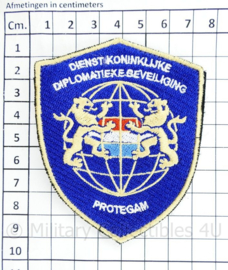 DKDB Protegam Dienst Koninklijke Diplomatieke Beveiliging embleem  - met klittenband  - 9 cm. diameter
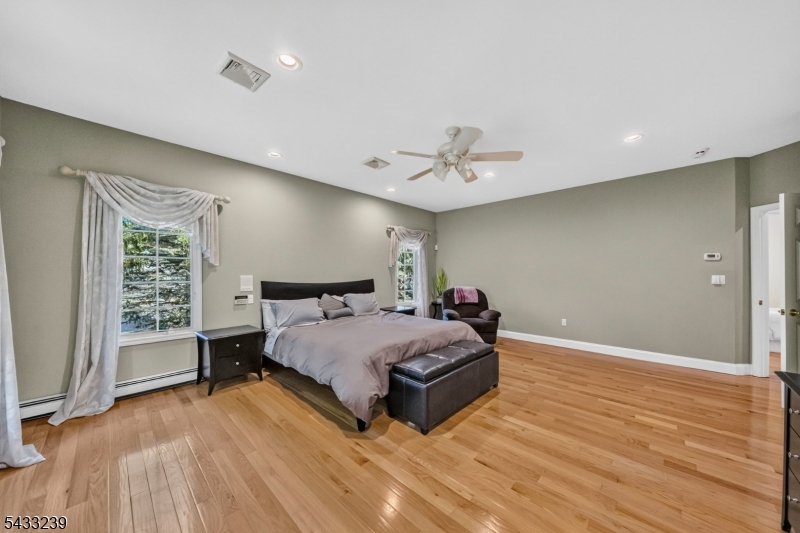 Lakeside - Residential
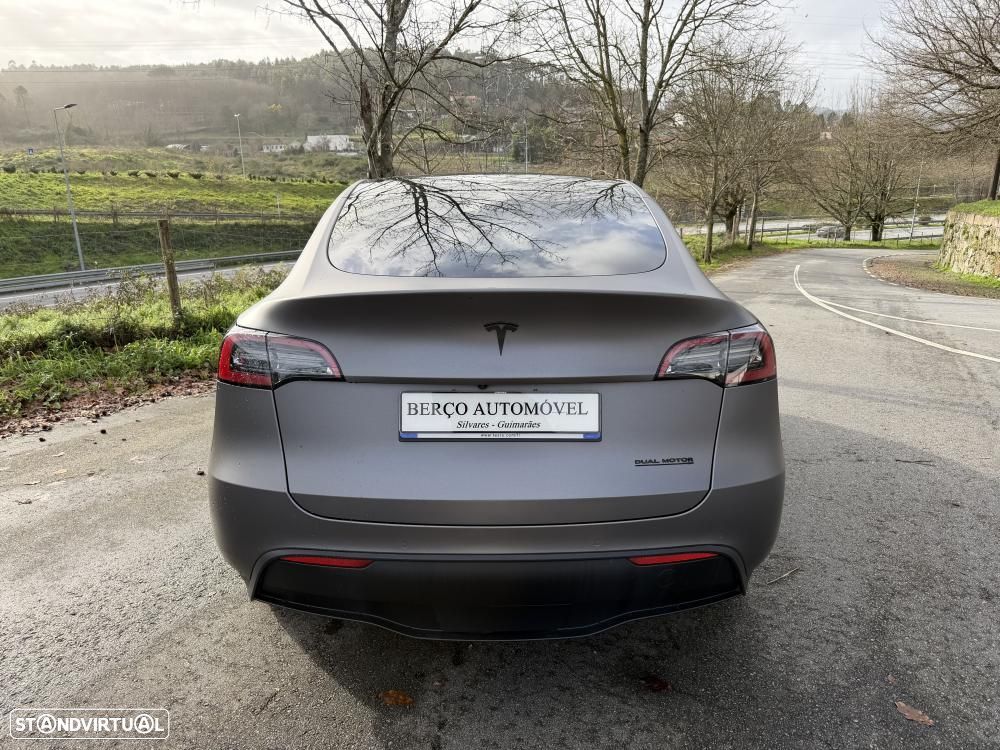 Tesla Model Y Long Range Dual Motor AWD - 6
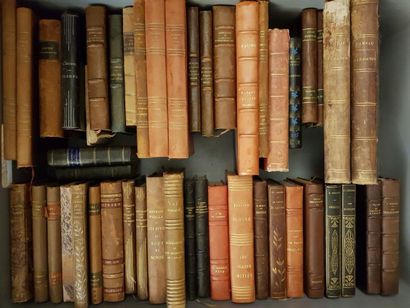 Lot including: 

- MANNETTE including a lot...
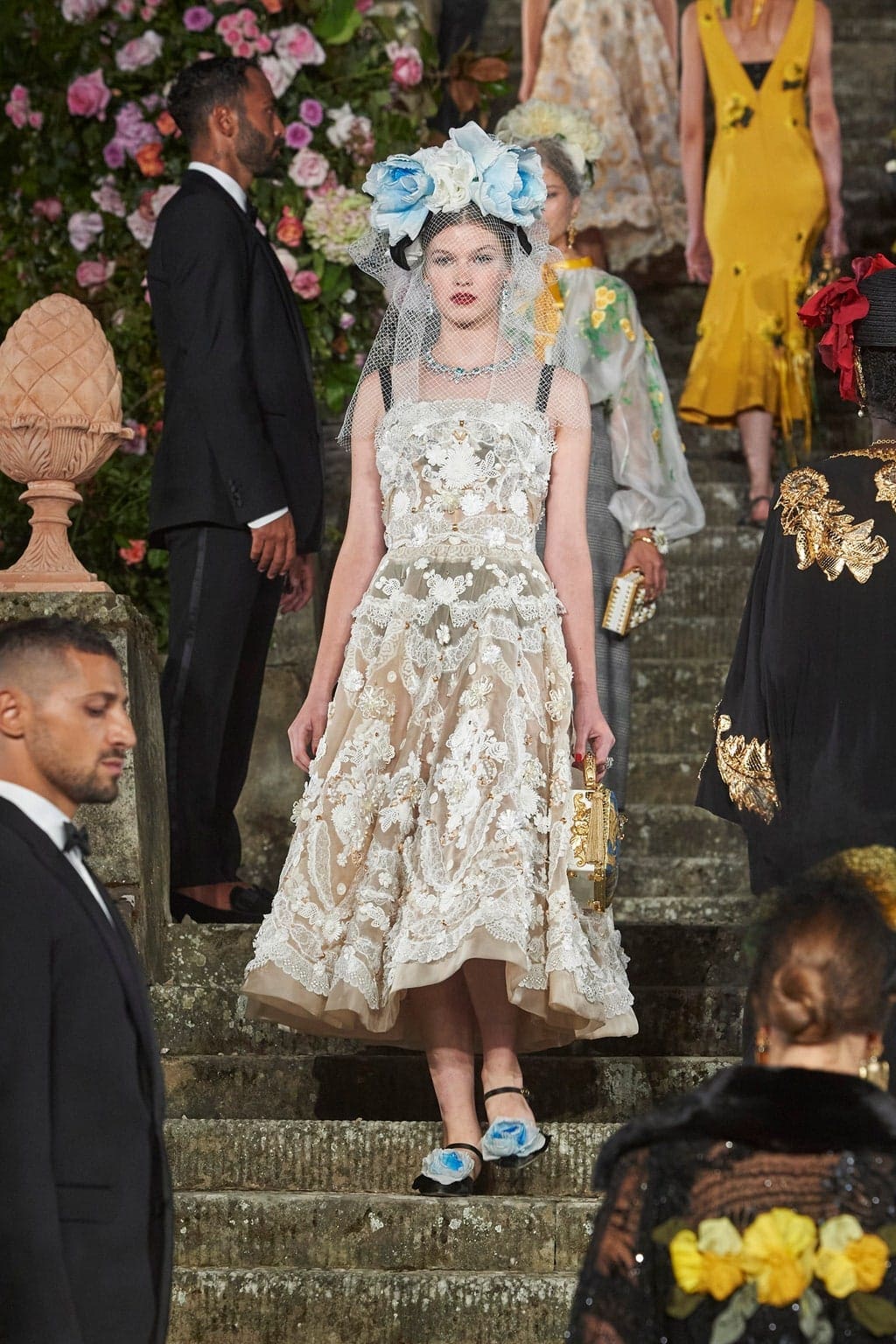 Dolce Gabbana Alta Moda Firenze 2020 - Fall-Winter 2020-2021 by RUNWAY MAGAZINE
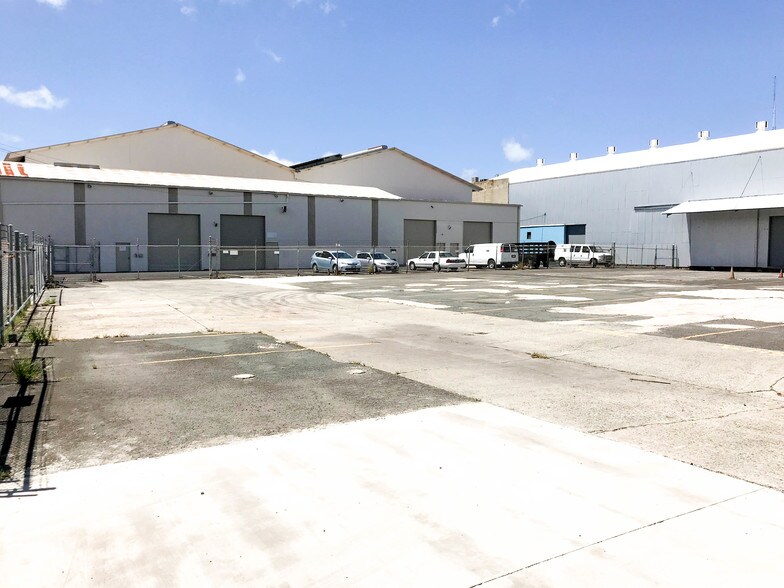 More Photos Of 938 Kohou St, Honolulu Warehouse For Lease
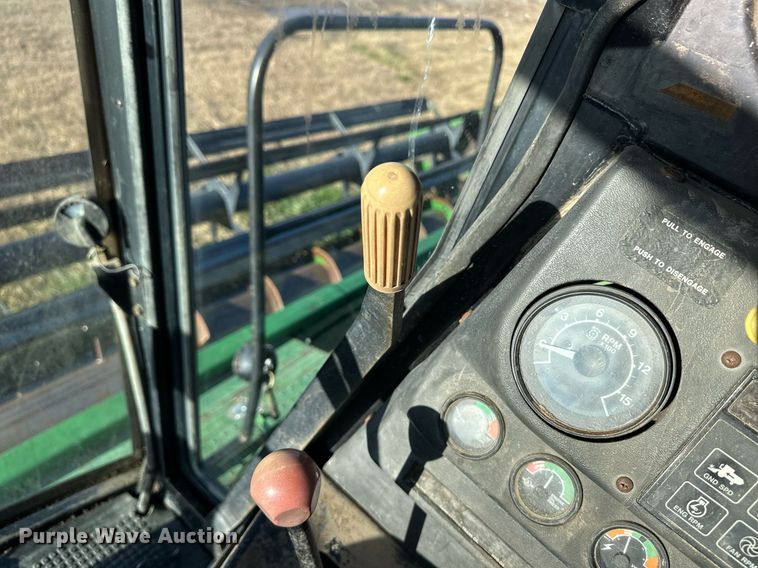 image for item ER8331 1983 John Deere 8820 Turbo combine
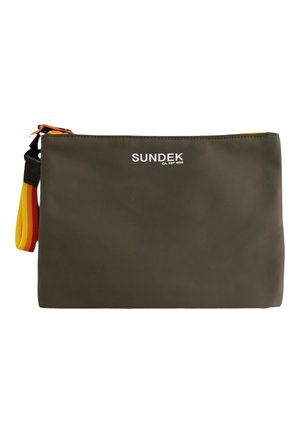 Bustina rettangolare verde oliva con logo bianco "SUNDEK" e tirante della cerniera arancione-giallo su sfondo bianco.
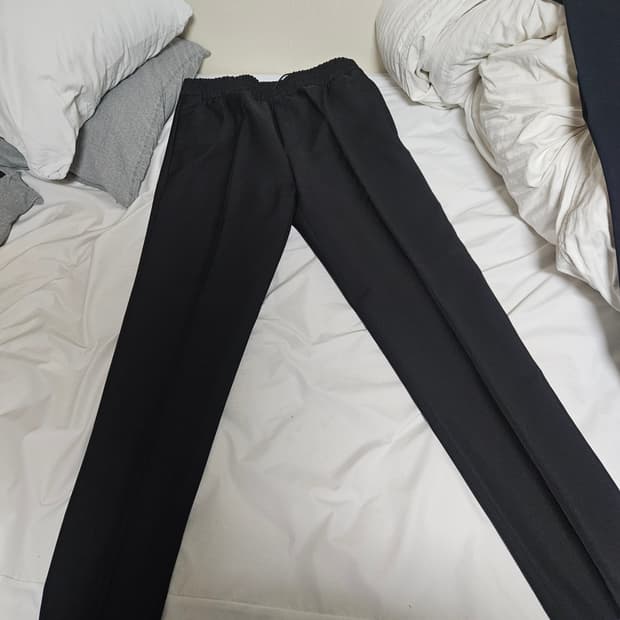 [EU48] 아크네 라이더 팬츠 블랙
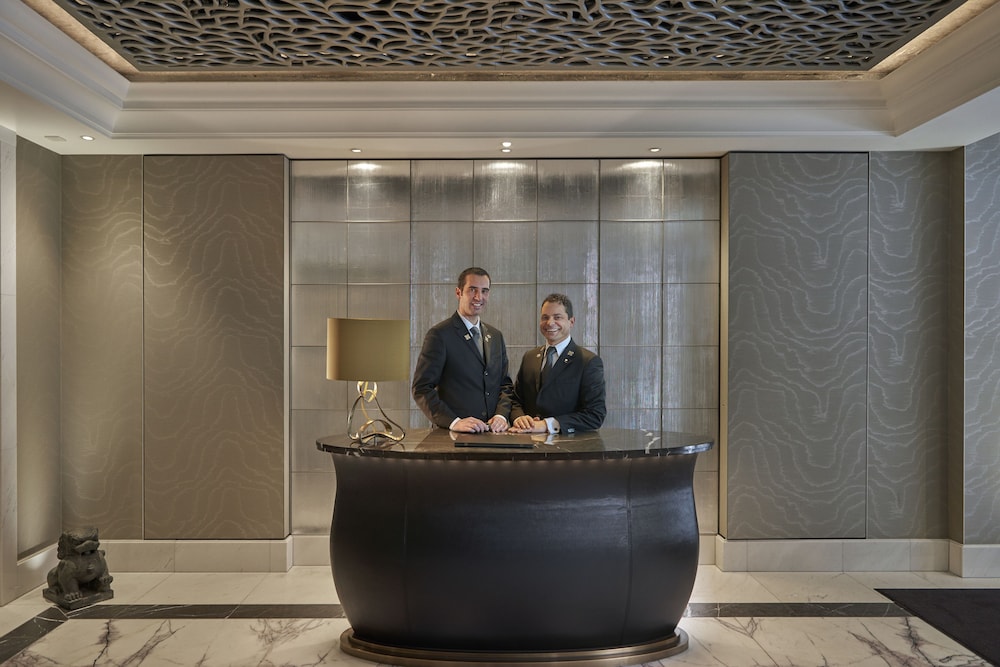 Concierge desk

——

_WORK REQUIRED_
Repeat the records word for word and drop any pictures.

_TASK RESPONSE_
 DKDB Protegam Dienst Koninklijke Diplomatieke Beveiliging embleem  - met klittenband  - 9 cm. diameter
 Lakeside - Residential
 Tesla Model Y Long Range Dual Motor AWD - 6
 Lot including: 

- MANNETTE including a lot...
 Dolce Gabbana Alta Moda Firenze 2020 - Fall-Winter 2020-2021 by RUNWAY MAGAZINE
 More Photos Of 938 Kohou St, Honolulu Warehouse For Lease
 image for item ER8331 1983 John Deere 8820 Turbo combine
 Bustina rettangolare verde oliva con logo bianco "SUNDEK" e tirante della cerniera arancione-giallo su sfondo bianco.
 [EU48] 아크네 라이더 팬츠 블랙
 Concierge desk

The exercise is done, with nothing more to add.